Uno de los acontecimientos más singulares y, sin embargo, menos conocido de esta etapa, ocurrió en Santiago de los Caballeros, en La Española. La rebelión de los cuatro capitanes que encabezaron el estallido popular contra las arbitrarias medidas borbónicas, tuvo lugar entre 1718 y 1723 en la principal ciudad del Cibao. Mientras tanto, en el territorio continental ocurría la rebelión de los Comuneros del Paraguay, en 1721; en 1724 en la localidad de Salta se sublevan los indígenas, mestizos y criollos pobres.
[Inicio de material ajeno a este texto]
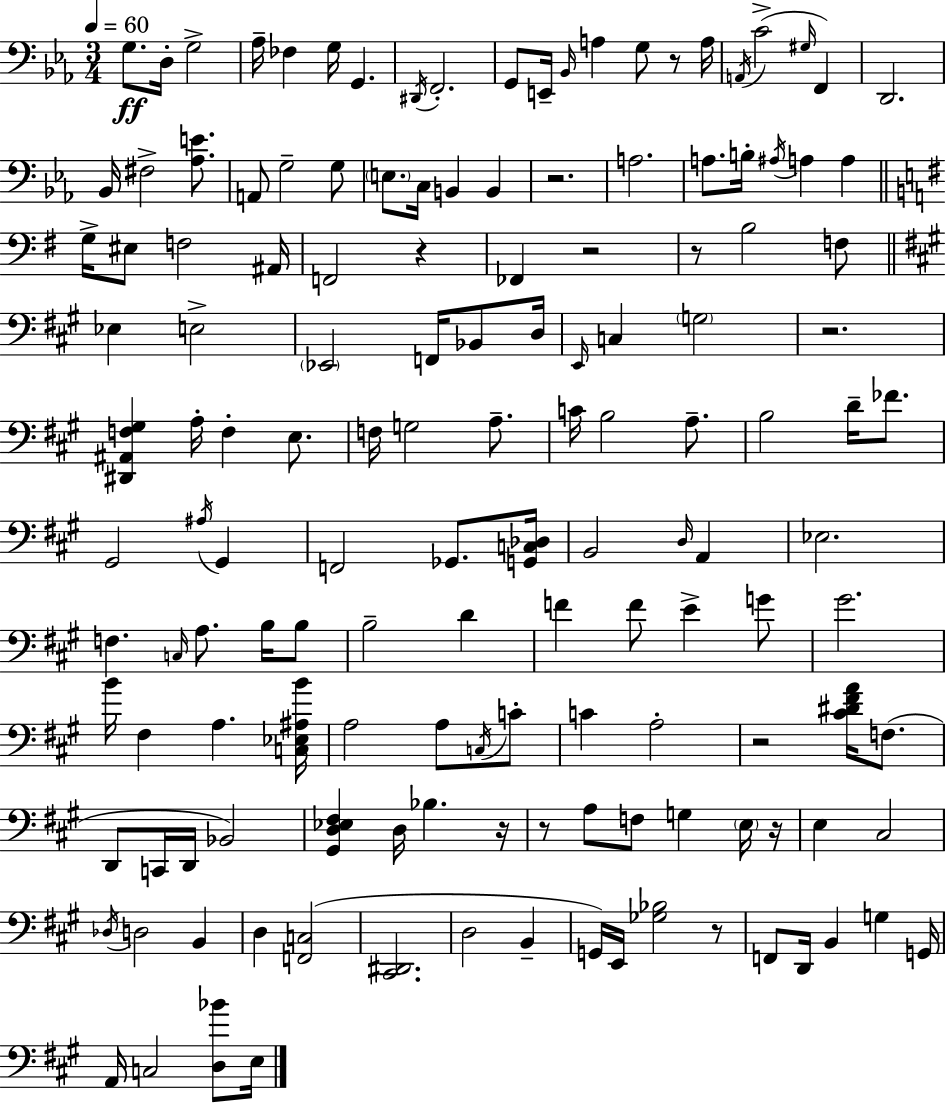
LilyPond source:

{
  \clef bass
  \numericTimeSignature
  \time 3/4
  \key ees \major
  \tempo 4 = 60
  \repeat volta 2 { g8.\ff d16-. g2-> | aes16-- fes4 g16 g,4. | \acciaccatura { dis,16 } f,2.-. | g,8 e,16-- \grace { bes,16 } a4 g8 r8 | \break a16 \acciaccatura { a,16 } c'2->( \grace { gis16 } | f,4) d,2. | bes,16 fis2-> | <aes e'>8. a,8 g2-- | \break g8 \parenthesize e8. c16 b,4 | b,4 r2. | a2. | a8. b16-. \acciaccatura { ais16 } a4 | \break a4 \bar "||" \break \key e \minor g16-> eis8 f2 ais,16 | f,2 r4 | fes,4 r2 | r8 b2 f8 | \break \bar "||" \break \key a \major ees4 e2-> | \parenthesize ees,2 f,16 bes,8 d16 | \grace { e,16 } c4 \parenthesize g2 | r2. | \break <dis, ais, f gis>4 a16-. f4-. e8. | f16 g2 a8.-- | c'16 b2 a8.-- | b2 d'16-- fes'8. | \break gis,2 \acciaccatura { ais16 } gis,4 | f,2 ges,8. | <g, c des>16 b,2 \grace { d16 } a,4 | ees2. | \break f4. \grace { c16 } a8. | b16 b8 b2-- | d'4 f'4 f'8 e'4-> | g'8 gis'2. | \break b'16 fis4 a4. | <c ees ais b'>16 a2 | a8 \acciaccatura { c16 } c'8-. c'4 a2-. | r2 | \break <cis' dis' fis' a'>16 f8.( d,8 c,16 d,16 bes,2) | <gis, d ees fis>4 d16 bes4. | r16 r8 a8 f8 g4 | \parenthesize e16 r16 e4 cis2 | \break \acciaccatura { des16 } d2 | b,4 d4 <f, c>2( | <cis, dis,>2. | d2 | \break b,4-- g,16) e,16 <ges bes>2 | r8 f,8 d,16 b,4 | g4 g,16 a,16 c2 | <d bes'>8 e16 } \bar "|."
} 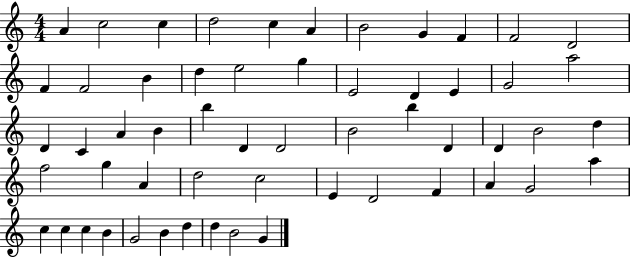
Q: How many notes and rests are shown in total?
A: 56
A fines de 1730, también al grito de ¡Viva el rey y muera el mal gobierno!, se inicia la rebelión de criollos y mestizos en Cochabamba; en Perú se levantarán en 1740; en Venezuela se produce el levantamiento del canario Juan Francisco de León contra el monopolio de la Compañía Guipuzcoana, en 1749. Hasta culminar el siglo con el levantamiento de los Comuneros en la Nueva Granada y las grandes insurrecciones indígenas al mando de Túpac Amaru y Túpac Catari, entre 1780 y 1781.

Aunque estas rebeliones no iban, en lo fundamental, contra el poder monárquico sino en busca de reivindicaciones locales y contra el atropello de los funcionarios —lo cual queda declarado en la consigna que enarbolan casi todas ellas— en la práctica devinieron en fragua de los sentimientos que más tarde, al despuntar el nuevo siglo, estallarían en todo el continente, primero bajo el signo de la defensa de los derechos de rey Fernando VII, despojado del trono por Napoleón Bonaparte, e inmediatamente después, derivaron en la proclamación de la independencia de los distintos territorios y el nacimiento de las primeras repúblicas de Hispanoamérica.